Now she is a big sister to Layla 10 weeks, she amuses me with her typical big sister behaviour. If Layla is doing anything wrong Bella will alert me, she tells me if Layla has wet anywhere, and is generally a real goody two shoes next to her mischevious little sister. Yesterday Layla had wet in her crate, and Bella kept going to the crate, looking at me, then coming over to me and nudging my hand, then back to the crate...until I realised what she was trying to tell me.
I've never had a dog that communicates with you as much as a Vizsla, they so think they are human and act that way. 
One night Bella was caught short upstairs and obviously couldn't wake any of us up.....my husband woke up to a smell...and found Bella had done a poo, in the bathroom right next to the toilet! Now she has never messed in the house since she was a pup (she is 3) and she obviously used her brain to think about where she could go in her time of need. How human is that? lol


----------



## flynnandlunasmom (May 28, 2012)

Bellababy, when my Flynn was younger and still had occasional accidents in the house when no one was home, he too would go in the bathroom on the floor! We always commented on how smart he was (is) for choosing to go there.


----------



## NeverGiveUpRAC (Aug 27, 2012)

Omg! That's so weird that you guys are talking about the bathroom! Cole JUST did that a few nights ago! I guess he couldn't wake anyone up in time and he went right in front of the bathroom
...my sister got a nice surprise when she went in for the morning! Haha


That is so weird that they've done that...it must be a Vizsla thing!  Haha


----------



## threefsh (Apr 25, 2011)

Cooper gives us hugs. It just recently started and it's so cute! He very gently puts a paw on each shoulder and then scoots forward so his legs are around your neck and then he gives lots of kisses!
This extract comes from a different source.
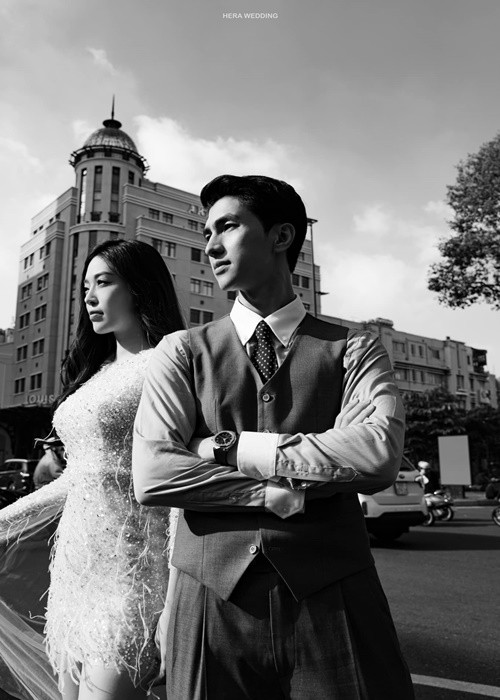 Cô nói: "Rất nhiều người ở lứa tuổi của tôi lựa chọn kết hôn. Tôi cũng quan niệm, theo chồng không có nghĩa là phải bỏ cuộc chơi. Nếu lấy An, tôi sẽ rủ anh ấy đi chơi cùng".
He only does this when we allow it, which is nice.


----------



## Mischa (Feb 17, 2010)

threefsh said:


> Cooper gives us hugs. It just recently started and it's so cute! He very gently puts a paw on each shoulder and then scoots forward so his legs are around your neck and then he gives lots of kisses! He only does this when we allow it, which is nice.


Our girl is a bull in a china shop and loves with force! 

She sits on our ottoman looking up at me with ears back and tail buzzing under her when she wants a hug.
I make her shake, and high-five first, then once I say 'ok' she lunges up into my arms, sometimes socking me in the mouth... she goes nuts for what we call human hugs. lol


----------



## Kermit_days (Sep 24, 2012)

My V is 12 weeks old and we were having a battle of wills about her sitting on the sofa. I was pointing at the floor and saying off... She looked at me, stuck her paw out towards the floor and barked. If I didn't know better I'd think she was telling me to get down!


----------